▸ **ACTIVITY**
Retype the listing below exactly, pictures removed.

▸ **DATA EXTRACT**
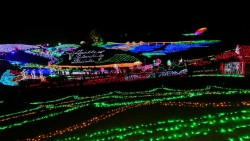 香川まんのう公園のイルミネーション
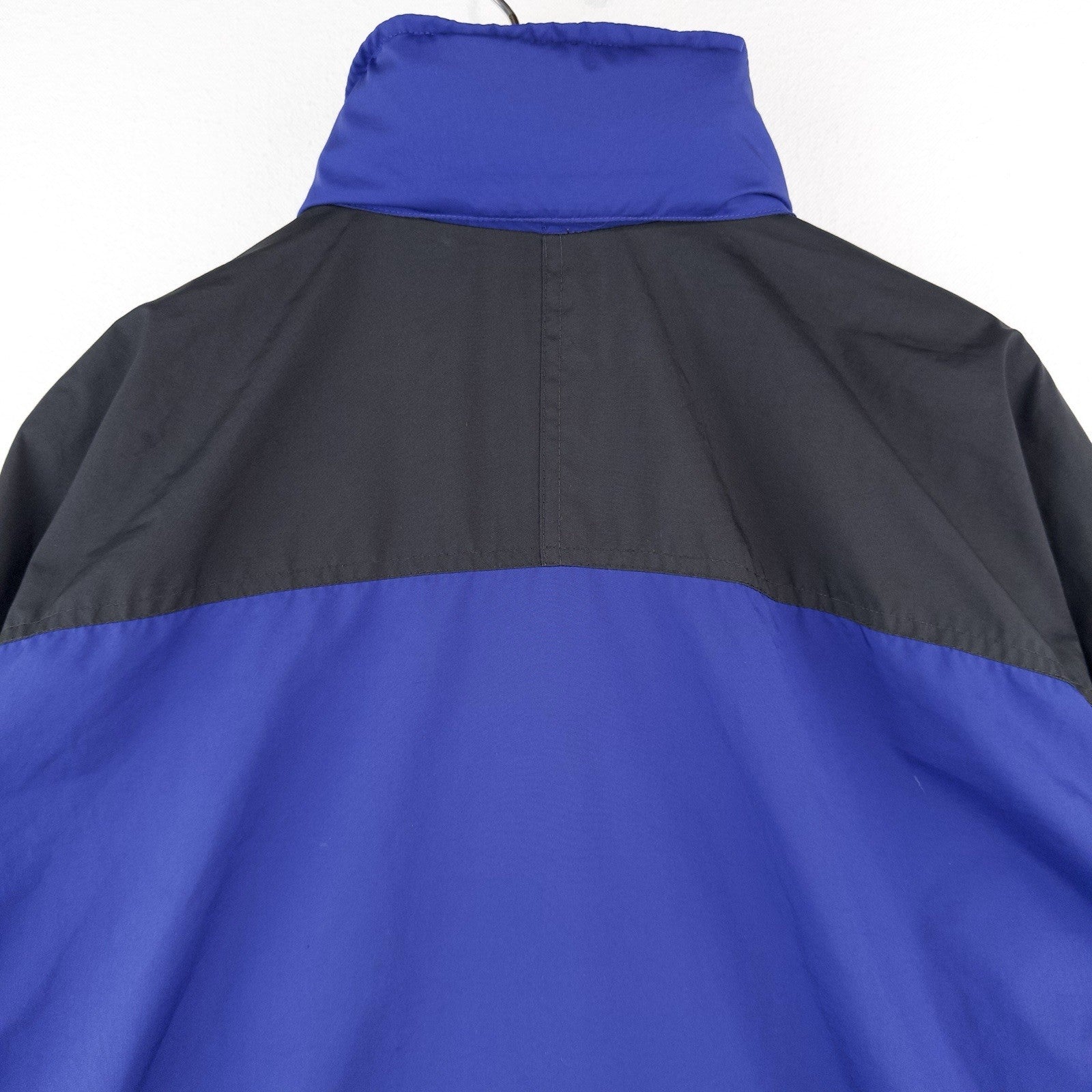 90’s Vtg The North Face Mens S Royal Blue Black Hydrenaline Packable Hood Jacket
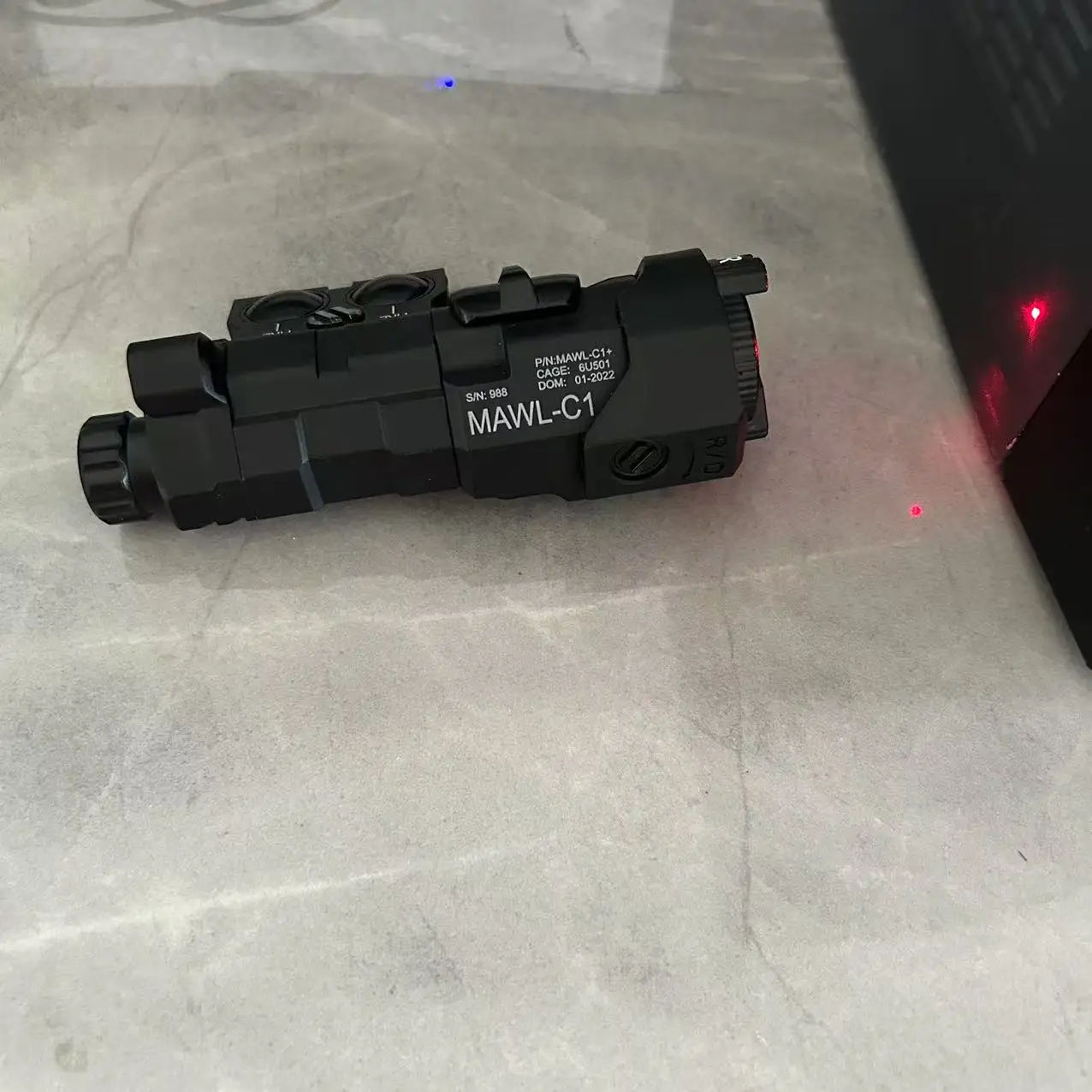 Tactical Flashlight 20mm Tactical PEQ A2 MAWL C1 Dummy Laser Flashlight Airsoft Weapon Decorative Box No function Fit hunting Airsoft Accessories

▸ **EXERCISE RESULT**
 香川まんのう公園のイルミネーション
 90’s Vtg The North Face Mens S Royal Blue Black Hydrenaline Packable Hood Jacket
 Tactical Flashlight 20mm Tactical PEQ A2 MAWL C1 Dummy Laser Flashlight Airsoft Weapon Decorative Box No function Fit hunting Airsoft Accessories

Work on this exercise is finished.